_How to complete this task_.
Only the lines of the data below from the one with "Qiqirn Gullroaster Location" through the one with "Electric Beard Trimmer" are wanted. Repeat them exactly.

_Extracted records_.
____________
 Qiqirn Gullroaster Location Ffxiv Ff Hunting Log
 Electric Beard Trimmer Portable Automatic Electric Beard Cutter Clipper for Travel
____________
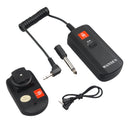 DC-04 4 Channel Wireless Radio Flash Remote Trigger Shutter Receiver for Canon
____________
_Your response_.
 Qiqirn Gullroaster Location Ffxiv Ff Hunting Log
 Electric Beard Trimmer Portable Automatic Electric Beard Cutter Clipper for Travel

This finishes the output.